Nor is this just the naivety of students. Huge infrastructure projects routinely overrun, according to research conducted by Bent Flyvbjerg, professor at Oxford university’s Saïd Business School. In 2014, he wrote: “Performance data for megaprojects speak their own language. Nine out of ten such projects have cost overruns.” Flyvbjerg adds that this has been true for decades in public and private sector projects alike.

But what of my daily to-do list? I cannot claim the projects are especially complex, and there is nobody to whom I am overpromising except myself. I have no excuse.

Nor did the students that Buehler studied. One might argue that their thesis seemed to them as unknown and complex as any megaproject. But when Buehler followed up by asking them to predict completion time for smaller academic and non-academic projects such as writing an essay or cleaning their apartment, the typical project took twice as long as forecast. We make the same mistake over and over again.

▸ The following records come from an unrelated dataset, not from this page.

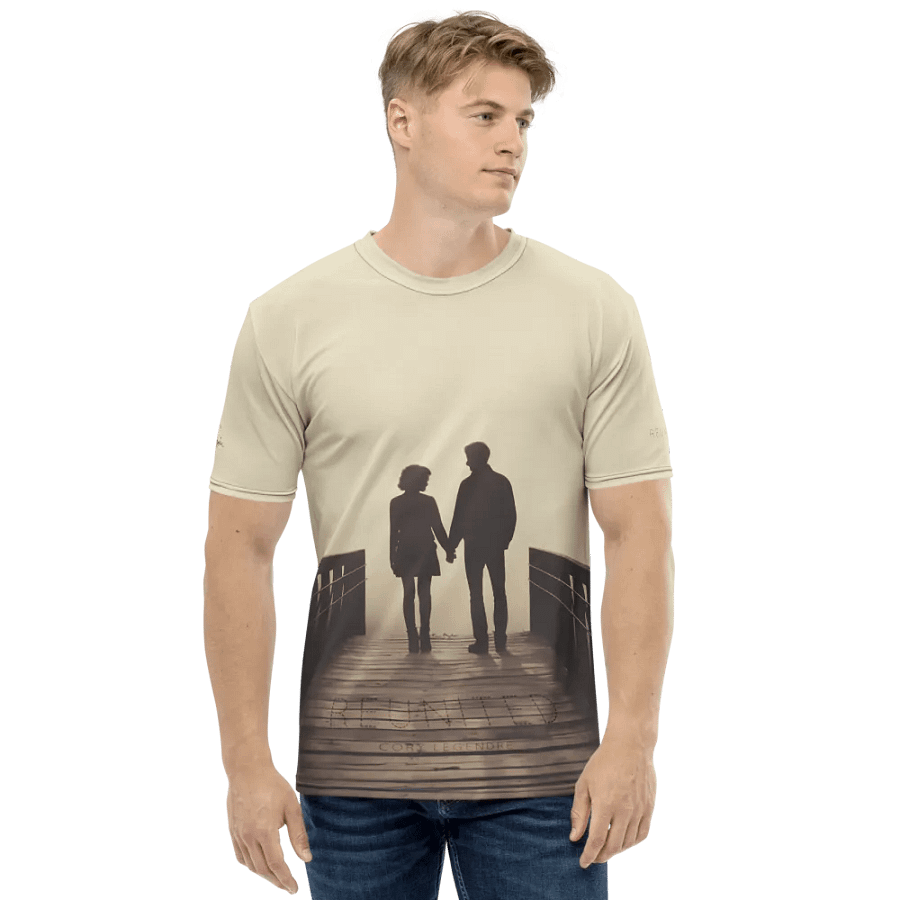 REUNITED: The Bridge product image (1)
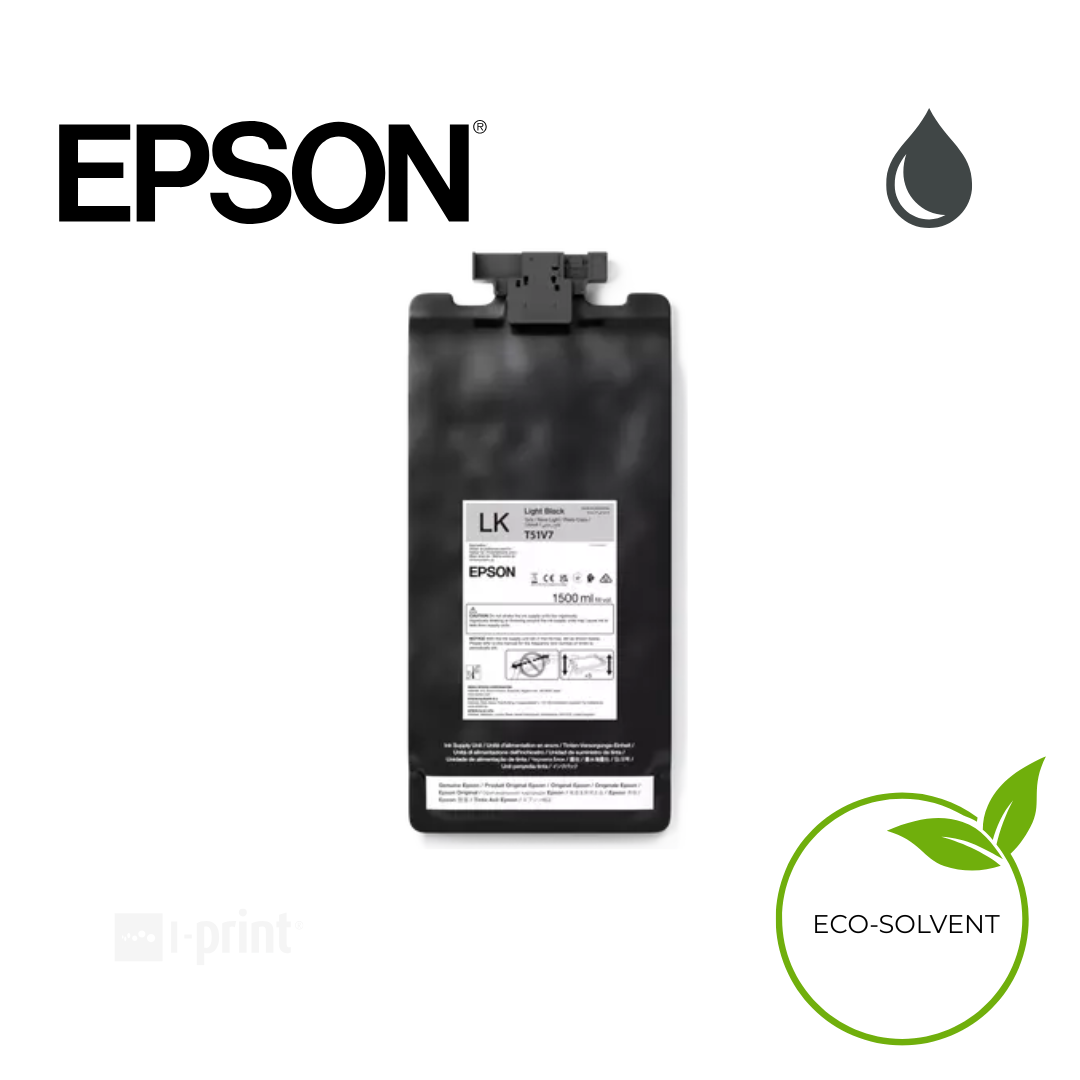 Cartucce originali Epson UltraChrome GS3 – SureColor SC-S60600L / SC-S80600L
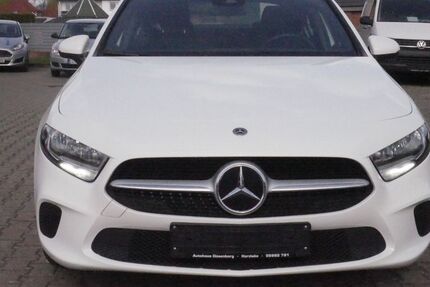 Mercedes-Benz A 180 114.850 km 19.980 &euro; Herzlake 49770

When trying to come up with a realistic prediction, Kahneman and Tversky advocate looking at the experience of similar projects instead. For an essay or bout of spring cleaning, that should be easy. It is not always possible. For each large, groundbreaking project, there is only so much that can be learnt from history — though we can certainly learn something.

But do we? Kahneman is fond of telling a story where he and a team of experts in decision-making, pondering an ambitious curriculum reform project, wisely looked at the record of similar efforts. That record suggested their own efforts would be fruitless and hugely time-consuming.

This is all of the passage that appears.